Mother Mary (Anne Hathaway), star mondiale della musica pop, si prepara a un ritorno sulle scene dopo essersi presa una pausa in seguito a un incidente sul palco. Durante le ultime prove in costume, Mother Mary ha una crisi di panico e si dilegua. Raggiunge la provincia inglese per riunirsi alla stilista Sam Anselm (Michaela Coel), sua ex migliore amica e collaboratrice con la quale non ha più rapporti da tempo. A soli tre giorni dallo spettacolo, Sam accetta a malincuore di disegnare un abito per lei. La tensione sale mentre i due lavorano nel fienile trasformato in atelier di Sam, e Mary fatica a esprimere la sua visione per quanto riguarda l’abito di scena. Sam la interroga sulla performance imminente e sull’incidente, che alcuni sospettano sia stato un tentativo di suicidio.

Scritto e diretto dal proteiforme cineasta David Lowery, Mother Mary è il distillato perfetto delle sue vellità artistiche imprevedibili e multi-genere; lui è dietro ai successi di Storia di un fantasma e Sir Gawain e il Cavaliere Verde, ma anche dei live action disneyiani Il drago invisibile e lo sfortunato Peter Pan & Wendy. Un talento dietro la macchina da presa che qui si affaccia al racconto per immagini di una fittizia pop star contemporanea (interpretata da una incisiva Anne Hathaway) divisa tra crisi personali ed artistiche. Ed un rapporto ambivalente con la sua ex-amica e stilista personale con la quale condivide la visita di un misterioso spettro appartenente ad un lontanissimo passato.

Sfruttando a suo piacimento le strutture dell’allestimento narrativo teatrale dell’unità di spazio e tempo (in grandi linee), Lowery costruisce attorno alle due magnifiche protagoniste un’opera cinematografica mai uguale a se stessa, audace riflessione sul legame segreto ed invisibile tra le arti nel mondo dello show business attuale.
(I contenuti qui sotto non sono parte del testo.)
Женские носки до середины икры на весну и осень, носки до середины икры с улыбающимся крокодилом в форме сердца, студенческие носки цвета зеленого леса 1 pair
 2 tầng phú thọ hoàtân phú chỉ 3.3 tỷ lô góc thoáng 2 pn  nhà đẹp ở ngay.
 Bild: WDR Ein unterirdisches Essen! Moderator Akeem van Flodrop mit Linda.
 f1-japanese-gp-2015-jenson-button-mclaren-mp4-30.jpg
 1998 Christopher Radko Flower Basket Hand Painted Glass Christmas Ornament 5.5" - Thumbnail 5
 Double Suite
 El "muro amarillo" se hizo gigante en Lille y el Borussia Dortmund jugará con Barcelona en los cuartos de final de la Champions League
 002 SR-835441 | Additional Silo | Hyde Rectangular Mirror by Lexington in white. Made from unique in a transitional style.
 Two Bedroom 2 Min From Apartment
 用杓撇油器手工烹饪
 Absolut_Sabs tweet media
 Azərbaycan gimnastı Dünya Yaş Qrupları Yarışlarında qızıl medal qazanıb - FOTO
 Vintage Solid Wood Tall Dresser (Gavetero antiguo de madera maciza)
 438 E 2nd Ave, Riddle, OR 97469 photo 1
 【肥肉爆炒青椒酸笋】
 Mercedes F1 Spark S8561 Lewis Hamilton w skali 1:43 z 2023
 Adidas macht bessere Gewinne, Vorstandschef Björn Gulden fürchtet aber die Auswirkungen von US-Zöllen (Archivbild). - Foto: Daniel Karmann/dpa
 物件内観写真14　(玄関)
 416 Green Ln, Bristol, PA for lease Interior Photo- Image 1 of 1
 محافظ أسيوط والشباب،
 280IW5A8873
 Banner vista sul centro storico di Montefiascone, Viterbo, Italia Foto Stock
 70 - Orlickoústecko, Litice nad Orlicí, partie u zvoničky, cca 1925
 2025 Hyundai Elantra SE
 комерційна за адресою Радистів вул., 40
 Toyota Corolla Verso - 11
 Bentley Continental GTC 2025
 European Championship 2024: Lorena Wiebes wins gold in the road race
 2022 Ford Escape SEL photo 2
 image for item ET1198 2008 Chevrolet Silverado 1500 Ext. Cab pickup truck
Certo, tali riflessioni vengono coperte da una fittisima coltre di voli pindarici e pretenziosi slanci che accostano Mother Mary più ad un lucido incubo omoerotico che non ad una narrazione centrata e di genuine intenzioni.

Riallacciando il film a suggestioni iconografiche proprie del Medioevo e del suo precedente Sir Gawain e rielaborando temi e concetti dalla ghost story cinematografica dopo il silenzioso successo del suo capolavoro Storia di un fantasma, David Lowery inciampa però questa volta nel barocchismo di contenuto e linguaggi; e lo fa portando sul grande schermo un ritratto di pop star eclettico e di sicuro fascino, cementificato tuttavia sotto multipli strati di ambizioni e falsa profondità di lettura che distorcono più e più volte la visione e l’analisi dell’opera in arrivo neli nostri cinema.
Mother Mary arriva nelle sale italiane a partire da giovedì 14 maggio con I Wonder Pictures.